*What you are asked to do*. Only lines containing "Farm" belong in the answer, each copied from the entries below.

*Data records*.
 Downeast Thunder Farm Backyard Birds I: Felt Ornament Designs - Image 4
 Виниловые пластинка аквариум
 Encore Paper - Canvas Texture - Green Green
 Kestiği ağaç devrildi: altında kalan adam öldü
==
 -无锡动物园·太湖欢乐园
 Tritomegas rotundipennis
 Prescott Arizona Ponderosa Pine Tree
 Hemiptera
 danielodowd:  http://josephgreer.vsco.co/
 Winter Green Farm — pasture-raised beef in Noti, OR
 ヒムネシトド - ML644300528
* * *
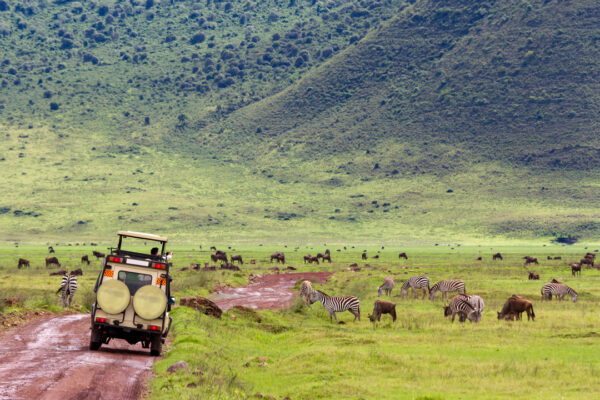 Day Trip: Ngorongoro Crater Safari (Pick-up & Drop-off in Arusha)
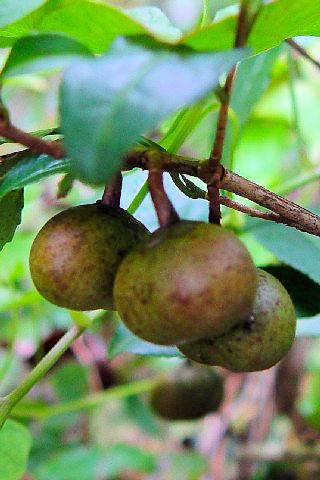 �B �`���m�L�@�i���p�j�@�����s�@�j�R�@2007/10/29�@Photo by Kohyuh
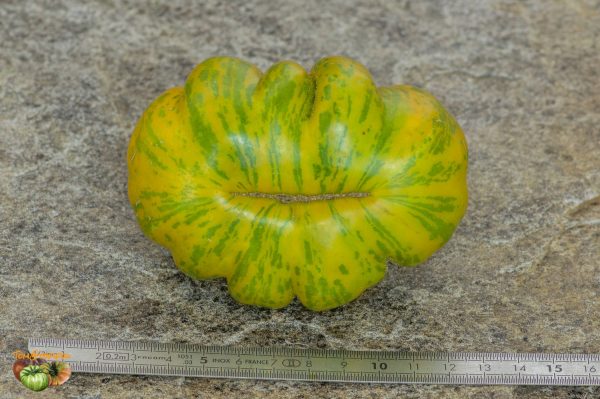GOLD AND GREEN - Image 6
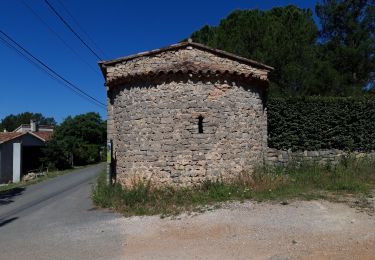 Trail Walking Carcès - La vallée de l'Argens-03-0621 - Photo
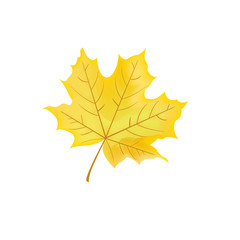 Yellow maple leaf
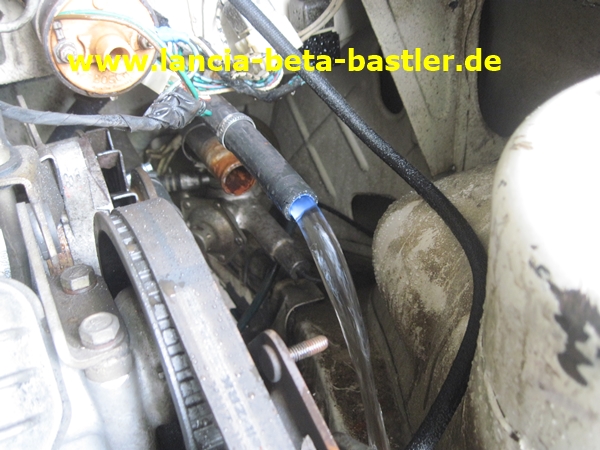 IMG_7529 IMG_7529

*Reply*.
 Downeast Thunder Farm Backyard Birds I: Felt Ornament Designs - Image 4
 Winter Green Farm — pasture-raised beef in Noti, OR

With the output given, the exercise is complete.